Ognuno di loro aveva le sue piccole, innocenti abitudini. Maccari scriveva a nome di assurde società inventate (la "Inchiostri Associati", la "Pedinamenti e Ricatti"), la "Sederconsorzi") e si firmava nei modi più impensati, con umorismo goliardico (Teocrito Subisci, Acquafresca Vinopuro, o Involontario di guerra). Flaiano non scriveva molte lettere, ma quelle poche le imbucava dopo aver disegnato sulla busta dei francobolli di fantasia, di stati inesistenti o di anniversari ipotetici (cosa che non impediva alle lettere di arrivare regolarmente, con tanto di timbro postale). Patti narrava, con dovizia di particolari, storie boccaccesche che lo avevano per protagonista e alle quali nessuno credeva. Ma De Feo batteva tutti, dando, a richiesta, dimostrazione del suo metodo per allontanare i seccatori. Dopo aver scambiato poche battute, infilava nella risposta frasi del tipo "ma lei è un gran coglione", dette però con tanta rapidità che l'interlocutore non era mai troppo sicuro di averle sentite. Comunque, nel dubbio, salutava e se ne andava. Insomma, chi più chi meno, questi nostri carissimi amici erano dei grandi giocherelloni. Un modo come un altro, diceva Flaiano, per reagire alla plumbea noia che gravava su Roma, città da Basso Impero.

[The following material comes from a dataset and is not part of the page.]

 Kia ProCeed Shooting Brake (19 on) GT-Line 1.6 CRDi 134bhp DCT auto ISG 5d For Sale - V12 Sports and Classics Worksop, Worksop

Se fossero vivi oggi, mi chiedo, che cosa farebbero e direbbero? Nello Ajello, che per questo libro di Lettere a Flaiano - arricchito di bellissime tavole, anche a colori, di Maccari - ha scritto una prefazione tenera e venata di nostalgia è, per quanto posso conoscerlo, fatto della stessa pasta, amico e frequentatore di entrambi, mittente e destinatario. La sola cosa che non si dovrebbe perdonare (ma uso il condizionale) ai curatori della raccolta è di aver omesso un centinaio di lettere, per eccessive ragioni di prudenza, secondo me. Perché, per esempio, non aver incluso quel biglietto inviato da Maccari a Flaiano quando, ancora convalescente, quest'ultimo si era rifugiato nel Tevere Residence di Roma e che diceva testualmente: "A Ennio Flaiano, Tevere Residence, Roma. Tua moglie non ti tradisce. Un amico". Santo Cielo, ma dove va a finire, allora, la mancanza di rispetto?